Davis, who entered high school as a 6-foot guard but left his first and only year at Kentucky as a broad-shouldered 6-10 center, averaged a double-double of over 15 points and 11 rebounds a game while playing for John Calipari's Wildcats. The high-flyer also tossed back 4.6 shots per game, a startling number that set an NCAA record for a freshman, and bodes well for the tough athletic transition between NCAA ball and the pros. He has drawn comparisons in the past to former Calipari big man Marcus Camby — but Camby wasn't nearly as advanced as Davis at Anthony's age, which is another encouraging sign considering that Camby has enjoyed a fantastic NBA career since leaving Calipari's tutelage in 1996.
The top overall pick wore a conservative but rather stylish gray suit on his way up to meet NBA Commissioner David Stern, who was booed loudly in the minutes before he put the Hornets on the clock prior to selecting Davis. Aware of his station already as a No. 1 pick, a humble but confident Davis mentioned attempting to act as a "team leader" while praising the talents of Hornets coach Monty Williams in his first interview as a pro — televised or otherwise.
The Hornets, rebuilding since a deal that sent All-Star point guard Chris Paul to the Los Angeles Clippers last December, have certainly cleaned house for their new stud.
Just last week the team sent center Emeka Okafor (the second overall pick in the 2004 draft) to the Washington Wizards, along with Trevor Ariza, for Rashard Lewis' soon-to-be only partially guaranteed contract and payroll relief. The team is not likely to re-sign former All-Star center Chris Kaman, and even restricted free-agent guard Eric Gordon is no guarantee to come back to the team. This is an all-out rebuilding process, clearly centered around Davis. Even the ownership group led by Tom Benson is new; as the Hornets were until this summer owned by the NBA for a year and a half in a partnership some found uneasy at best and illegal at worst.
These Hornets enter the offseason with a sterling coach in the defensive-minded Monty Williams and a young GM in Dell Demps that seems to have made it out of the NBA's wrong-headed stewardship of his team in one piece. Demps will be working with double-figure cap space, though after years of declining revenues and an iffy free-agent class it's no guarantee that he'll move into using that cap space right away. Especially with Davis' 20th birthday not set to hit until around the same time the 2012-13 Hornets are eliminated from the playoffs.
Davis has come off as a cheerful, well-adjusted sort in his few months removed from the last game at Kentucky. He's made waves for refusing to shave off his now-trademarked unibrow, and even (with tongue planted firmly in cheek … kind of) talked about wanting to apply his already formidable defensive abilities to any attack centered around stopping Kobe Bryant — a player that made his NBA debut when Davis was 3 years and 9 months old.

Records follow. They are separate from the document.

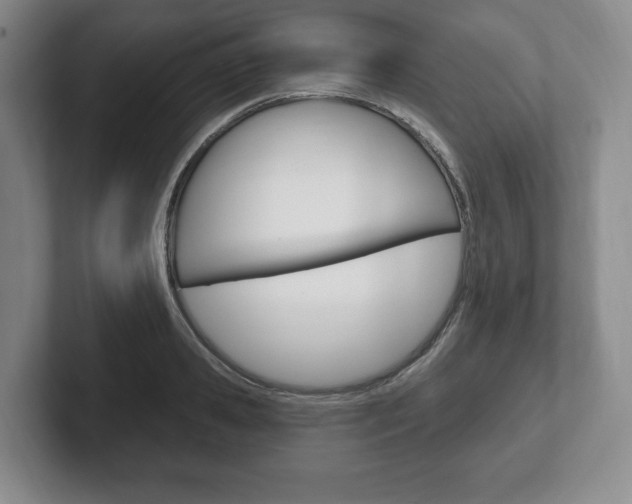 X0000102280941200807250938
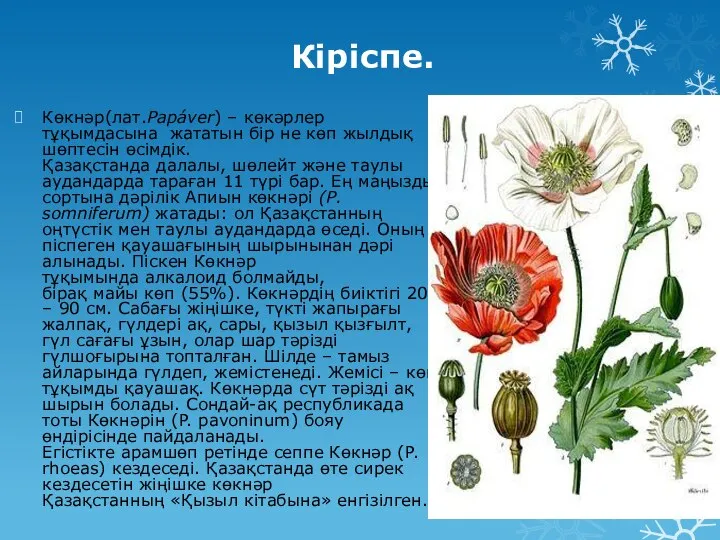 Кіріспе. Көкнәр(лат.Papáver) – көкәрлер тұқымдасына жататын бір не көп жылдық шөптесін өсімдік.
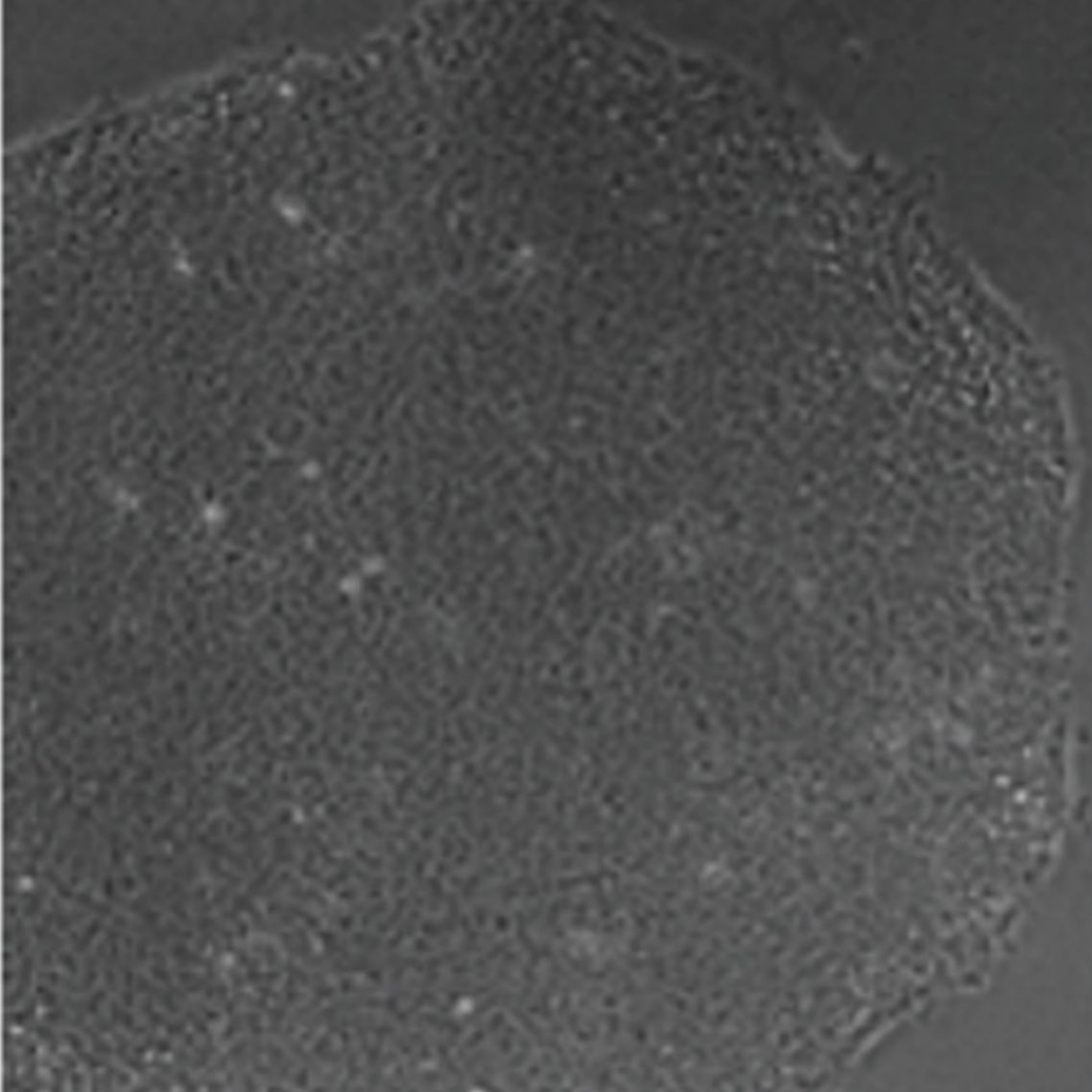 Corning® Laminin Surface Laminin Coating Corning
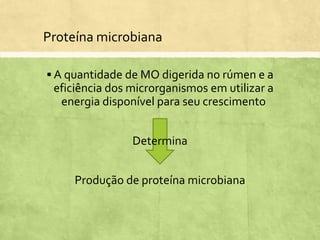 Proteína microbiana
 A quantidade de MO digerida no rúmen e a
eficiência dos microrganismos em utilizar a
energia disponível para seu crescimento
Determina
Produção de proteína microbiana
 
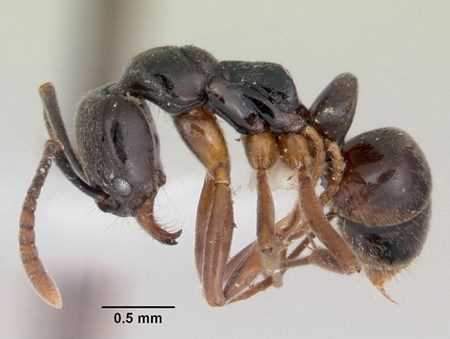 Khám phá những loài kiến lạ trên thế giới 9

Faced with turning around a franchise that has yet to make it to the conference finals in nearly 25 years of play, he'll have to maintain that stoic resolve and quick smile.
Oh, and he'll have to watch the pump fake. Because 4.6 blocks per game doesn't mean a thing in the NBA, if you're on the bench with three fouls by the second quarter.
Welcome to the NBA, Anthony. We think you'll do well, here.